Sobre esse aspecto Amorozo (1996, p.47) afirma:

Toda sociedade humana acumula um acervo de informações sobre o ambiente que a cerca, que vai lhe possibilitar interagir com ele para prover suas necessidades de sobrevivência. Neste acervo, inscreve-se o conhecimento relativo ao mundo vegetal com o qual estas sociedades estão em contato.

Essas senhoras ervateiras, herdeiras de uma tradição cultural por meio de gerações, ao acumularem maior conhecimento, conquistaram credibilidade sendo reconhecidas e referendadas pela comunidade e pelo poder local: prefeitura, através das secretarias municipais de agricultura, EPAGRI, e Igreja Católica. Suas práticas e seus conhecimentos, ao serem transmitidos por meio da oralidade, estão sendo ressignificados e renovados, pois essa transmissão já não ocorre apenas no âmbito familiar, o que possibilitaria a perpetuação. Conforme afirma Oliveira (1985), a Medicina Popular não pode ser vista

como algo estático, mas como um processo histórico, vivo e atual, sendo fecunda, dinâmica e permanentemente atualizada. Esse movimento é afirmado pelas entrevistadas:

[...] também recebo alunos das escolinhas daqui (entrevistada CP, 2015).

[...] estamos tentando reciclar, aproveitando conhecimento, pois elas sabem muito. Então, juntado o que elas sabem com o que aprendi e está dando certo (entrevistada BT, 2015).

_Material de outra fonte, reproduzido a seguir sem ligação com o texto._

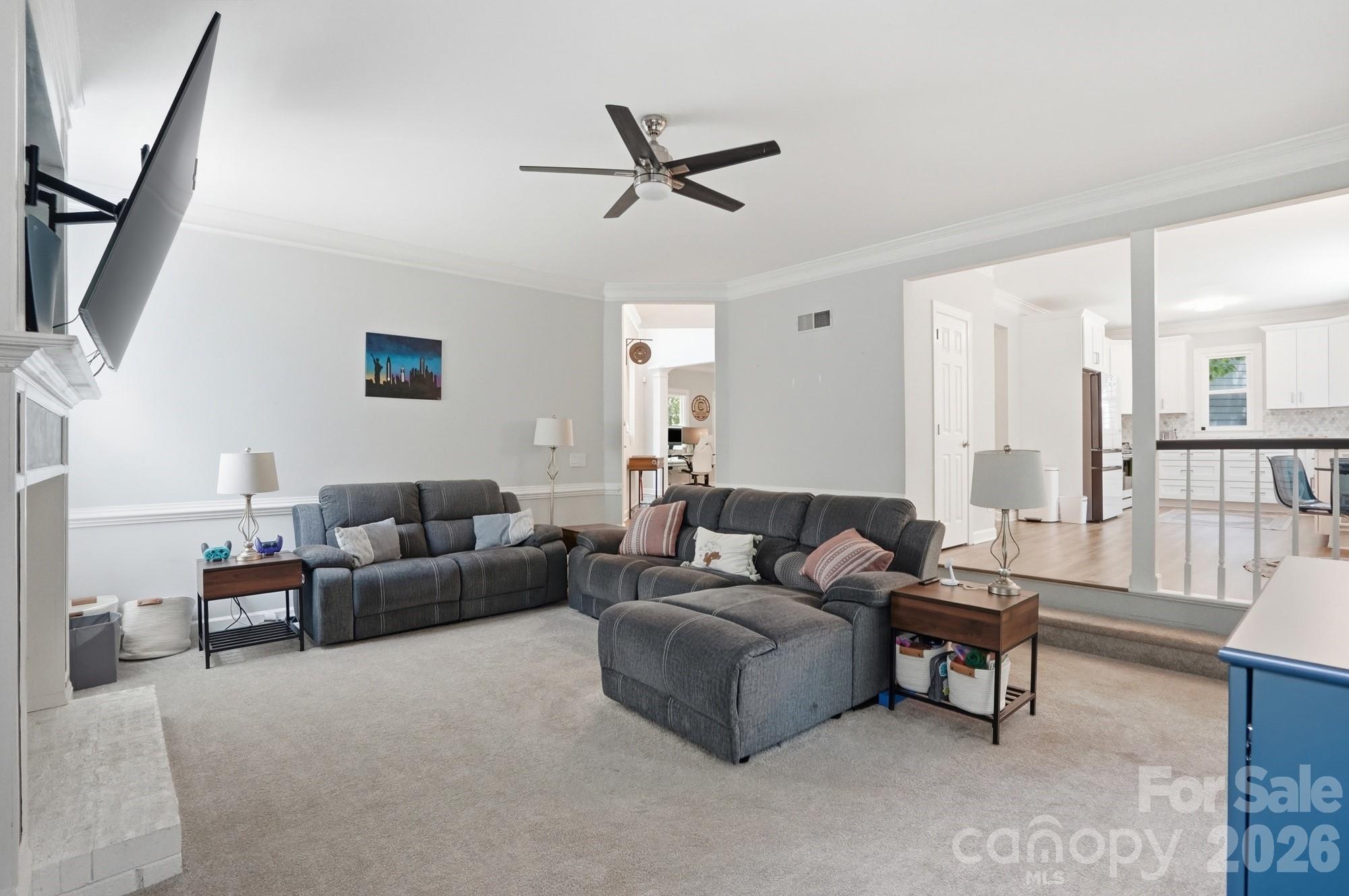 4611 Deer Cross Trail — Charlotte
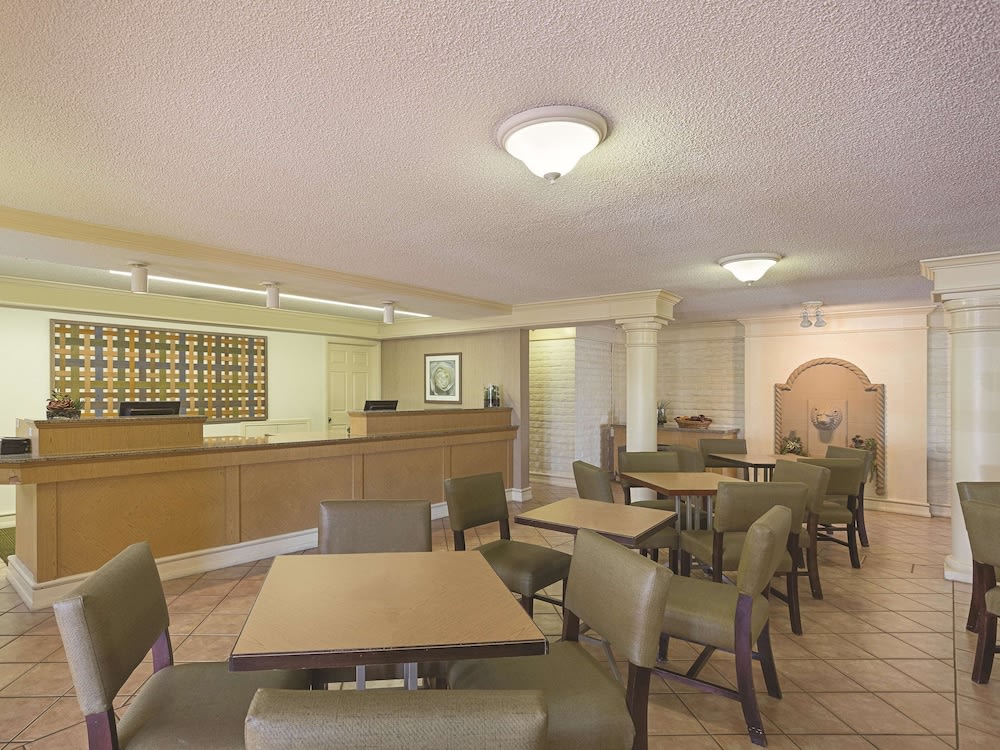 La Quinta Inn by Wyndham San Diego Chula Vista 2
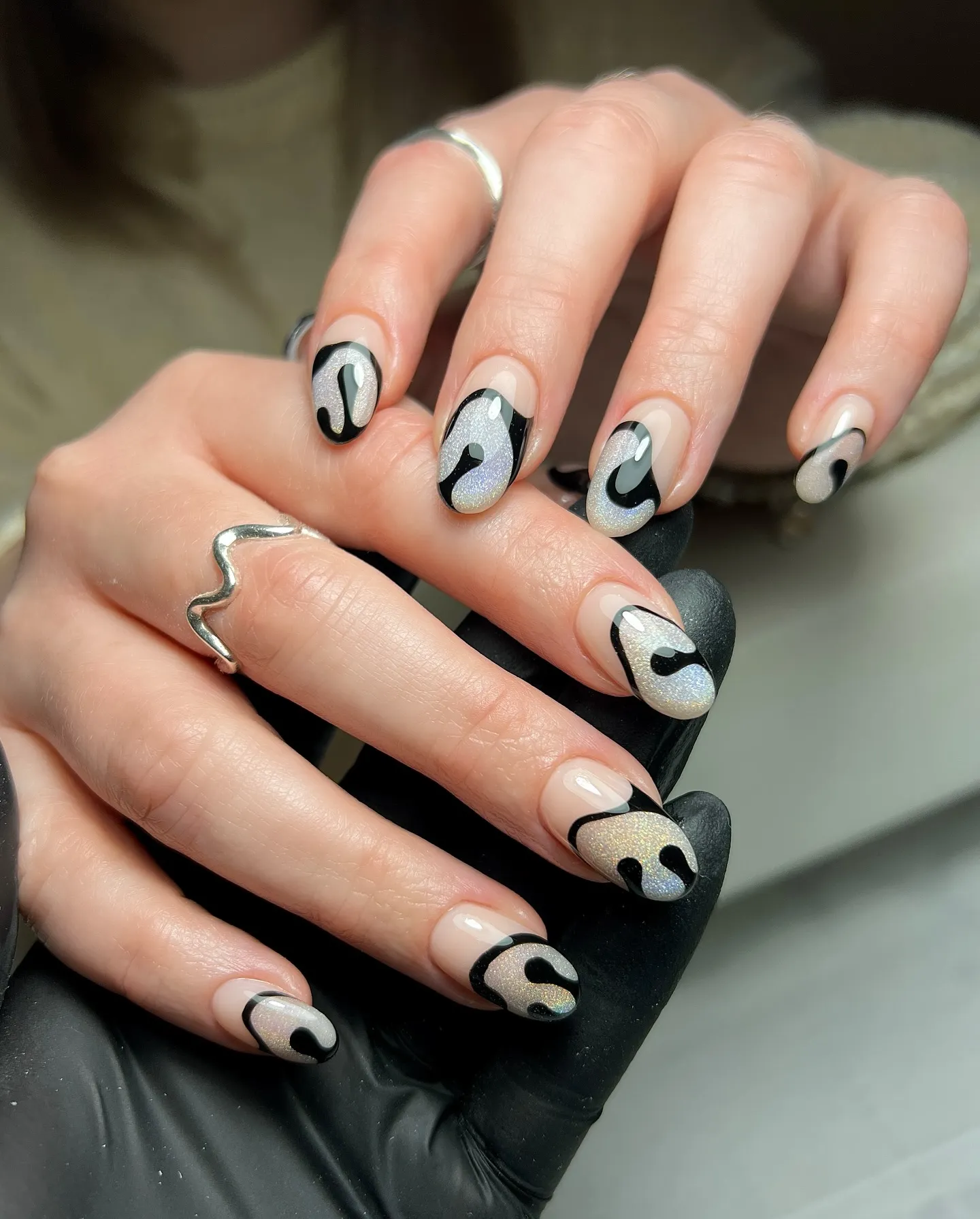 Graphic Glimmer Nails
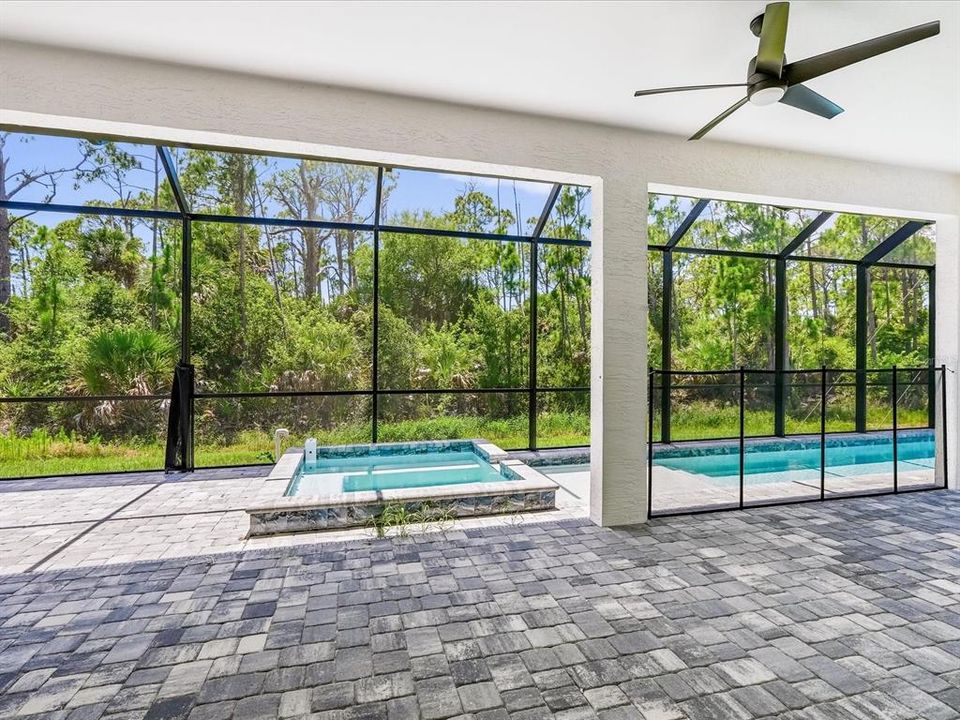 For Sale: $599,999 (4 beds, 3 baths, 2483 Square Feet)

No entanto, esse movimento também causa preocupação, pois como afirma Bosi, (1999, p. 45) ―a informação só nos interessa enquanto novidade e só tem valor no instante que surge. Ela se esgota no instante em que se dá e se deteriora‖. Para Bauman (2001), essa ―modernidade líquida‖, se caracteriza não tanto pelo rompimento com as rotinas e subversão às tradições, mas em evitar que padrões de conduta se congelem em rotinas e tradições. Sobre este momento de liquidez, o autor afirma que é necessário tentar compreender quais as consequências da situação vivida pelo indivíduo para seu cotidiano, pois ―a vida é como um lençol muito curto: quando se cobre o nariz os pés ficam frios, e quando se cobrem os pés o nariz fica gelado. Há sempre um custo a ser pago para a melhora numa determinada direção‖ (BAUMAN, 2004, p.324).

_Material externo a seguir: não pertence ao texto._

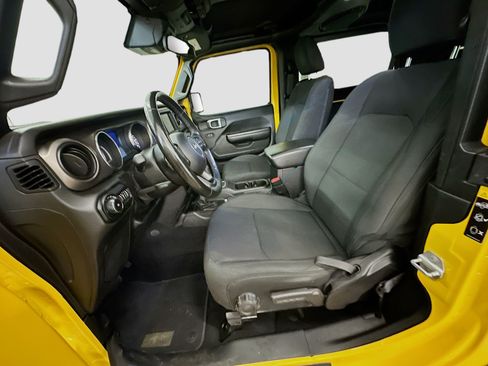 Used 2021 Jeep Wrangler Sport AWD/4WD image 13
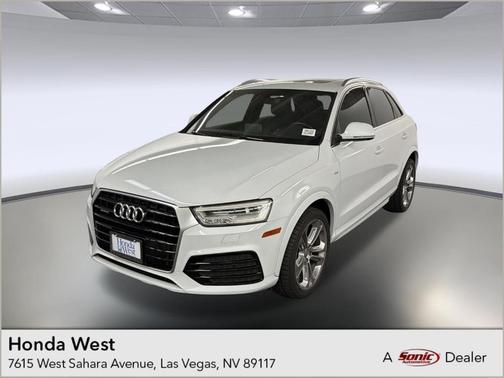 Glacier White Metallic 2017 Audi Q3 2.0T Prestige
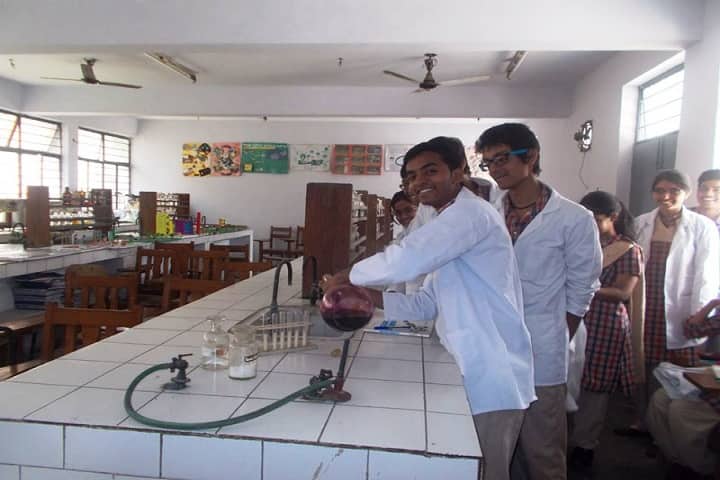 D A V Public School-Chemistry Lab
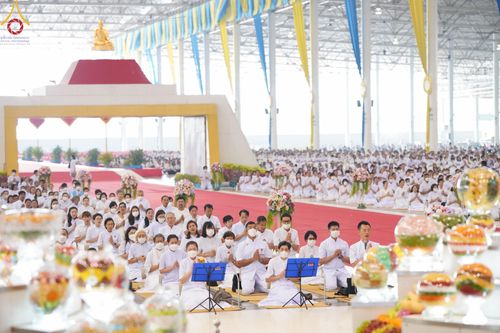 ภาพ No.123095:พิธีตักบาตร และพิธีบูชาข้าวพระ ในวันอาทิตย์ต้นเดือนที่ 4 กุมภาพันธ์ พ.ศ. 2567 ณ วัดพระธรรมกาย จ.ปทุมธานี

Esse momento atual se caracteriza pela rapidez no fluxo de informações, na passagem de estruturas de solidariedade coletiva para as de disputa e competição, no permanente movimento e descarte das coisas, com impactos importantes na identidade. Dificultando, portanto, o interesse por parte das pessoas mais jovens em reter informações referentes a um saber tradicional. O desafio que está posto é como despertar nas novas gerações o interesse e o comprometimento com a manutenção desse saber popular e suas práticas, acrescentando a ele novos conhecimentos sem, no entanto, descaracterizá-lo.